Avant le début de l'exercice, les ordres avaient été donnés dans un courrier adressé à toute la troupe : «Nous sommes à l'étranger, la France nous accueille. En tant qu'invité, nous nous soumettons aux usages et coutumes de l'hôte. Nous représentons la Suisse! Il va de soi que, tant en service qu'en congé, notre comportement doit être exemplaire».

Bilan: une catastrophe

En effet, lors du traditionnel «gueuleton» organisé pour la réussite de ce scénario les syndicats des pompiers français ont préféré boycotter la fête pour d'une part, critiquer les moyens déployés et d'autre part, pour dénoncer le fait de n'avoir pas été associés à ce projet transfrontalier. En effet, dans le cas d'une catastrophe comme un séisme majeur, disent-ils: «c'est nous qui sommes en première ligne, quoi qu'en pensent les militaires!» A cette occasion, les principaux responsables des pompiers et des services de la sécurité civile n'ont pas hésité à venir de Lyon et de Paris pour protester.

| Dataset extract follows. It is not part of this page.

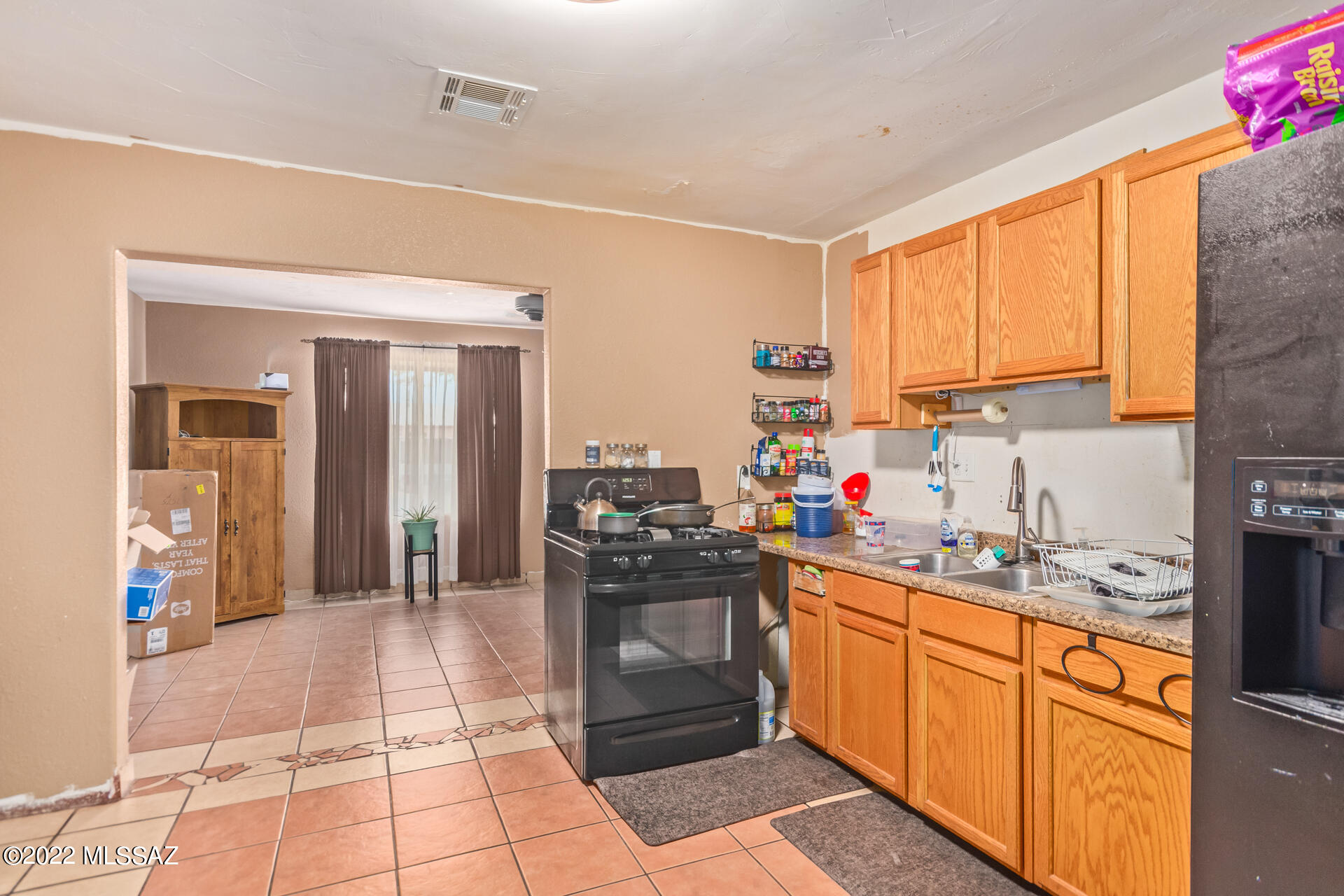 Mission Manor - Residential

De plus, pour les pompiers de la bourgade française de Seyssel, cette démonstration a plus ressemblé à un show irréaliste, où ont manqué juste lasers et musique, qu'une opération de «vrais professionnels» ...

Les dessous du film

Actuellement, aussi bien en France qu'en Suisse, nous assistons à des opérations de récupération des affaires civiles par l'armée. Les opérations effectuées par la protection civile, les pompiers ou la sécurité civile sont prises d'assaut par les forces armées pour faire passer au sein de la population civile le nouveau «look» et les nouveaux objectifs qu'elle veut se donner. Ceux-ci servent à moyen terme à démontrer que l'armée professionnelle existe et à long terme, qu'elle reste utile et opérationnelle même en temps de paix.

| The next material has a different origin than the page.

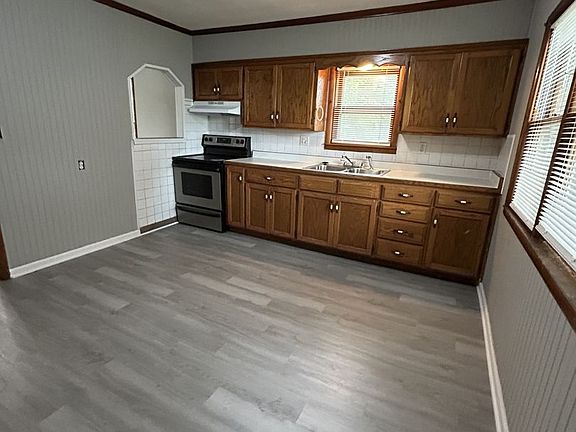 3rd image of 408 N Rouse St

Adolf Ogi n'a pas hésité à faire changer le nom de son Département militaire fédéral (DMF) en Département de la défense, de la protection de la population et des sports! Du côté français, c'est le même type de discours: «Il n'y a pas de monopole du sauvetage lorsqu'il s'agit de sauver des vies» a sèchement répondu Jean-Pierre Masseret aux critiques des pompiers.

Cette opération, comme toutes celles à venir, montre clairement que l'armée est à nouveau entrain de tromper la population en restructurant son image. Elle n'hésite pas à monopoliser des taches d'aide publique qui normalement sont dévolues à des organismes civils.